Mhairi Black, ripping off Vox Political in the House of Commons today (Tuesday).

Mhairi Black, ripping off Vox Political in the House of Commons today (Tuesday).

We’re told that Mhairi Black, the youngest new MP in Parliament at the age of 20, was still in college when she beat Labour’s Douglas Alexander in the General Election. Was she studying plagiarism?

Take a look at the following part of her maiden speech, made earlier today (Tuesday) and quoted in The Independent:

“After hearing the Labour leader’s intentions to support the changes to tax credits that the Chancellor has put forward, I must make this plea through the words of one of your own, and of a personal hero of mine.

“Tony Benn once said that in politics there are weathercocks and signposts. Weathercocks will spin in whatever direction the wind of public opinion may blow them, no matter what principle they have to compromise.

“Then, there are signposts – signposts that stand true, and tall, and principles. They point in a direction and they say ‘this is the way to a better society and it is my job to convince you why’.

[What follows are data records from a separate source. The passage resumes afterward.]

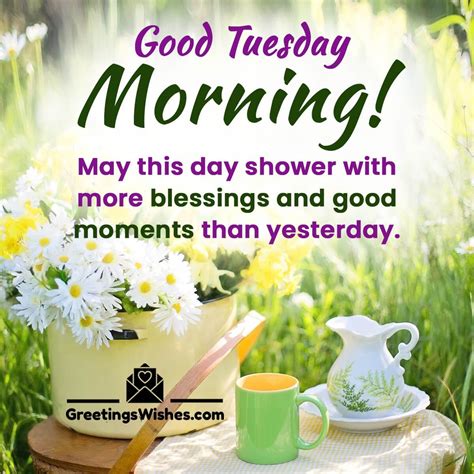 Tuesday Morning Wishes to Bring Energy and Positivity - Greetings Wishes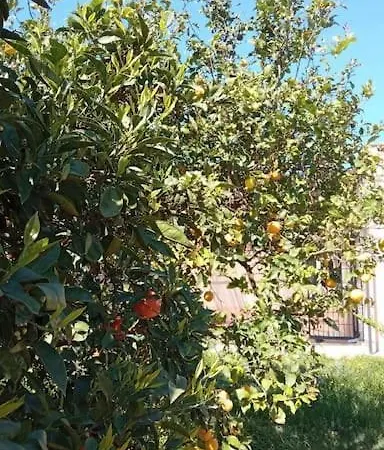 La Rossi With Pool 4 * Gallipoli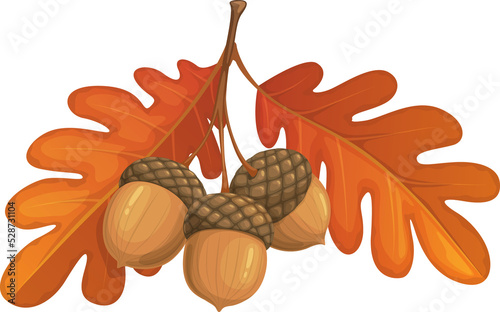 Autumn oak leaves and acorn cartoon vector icon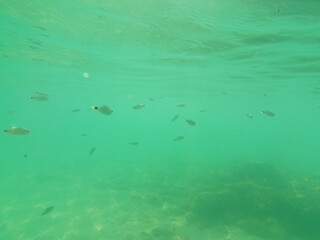 Underwater landscape with fishes and wildlife in the Adriatic Sea of Salento, Apulia Italy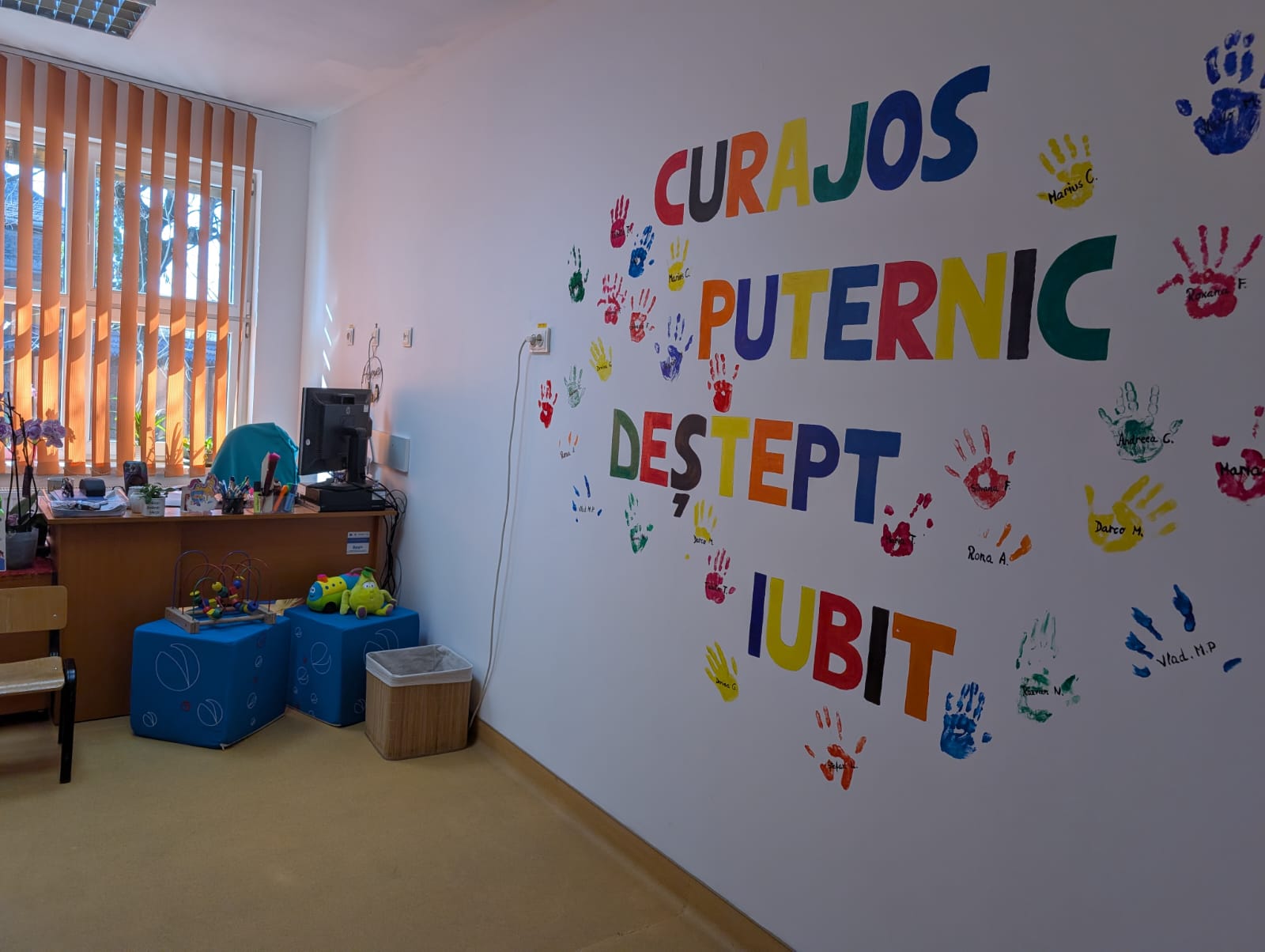 centrul de zi podul lung timisoara (3)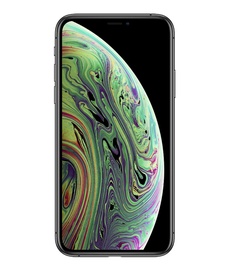 Mobilusis telefonas Apple iPhone XS, 256 GB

“Tony Benn was right when he said the only people worth remembering in politics are signposts.”

Now read this Vox Political article from yesterday, Labour is a ‘headless chicken’ over tax credits.

This Blog’s piece relies heavily on Tony Benn’s ‘weathercocks and signposts’ analogy to make its point about the interim Labour leader’s attitude to the proposed cut in tax credits. While Mhairi Black’s words weren’t exactly the same, it wouldn’t take a genius to read this piece and – if you’re an admirer of the great man, put together something similar using his words.

Is it really feasible that she could have come to this choice of material, in this context, independently? Nobody else has.

Such similarity – in subject matter, tone, and the material quoted – suggests a rip-off. If this is the case, Mhairi Black should be lucky to get off with a stern warning.

Instead she’s the toast of Twitter!

How disappointing.

Of course, we’ll never know if she didn’t write her speech independently. If this is the case, she’s hardly going to admit it – and This Writer isn’t going to take any further action because it wouldn’t be worth it.

But This Blog is part of my livelihood and if it seems to me that someone is harming that livelihood, then I’ll call “foul” on it.

As for you Mhairi Black – if you did rip off This Blog, shame on you.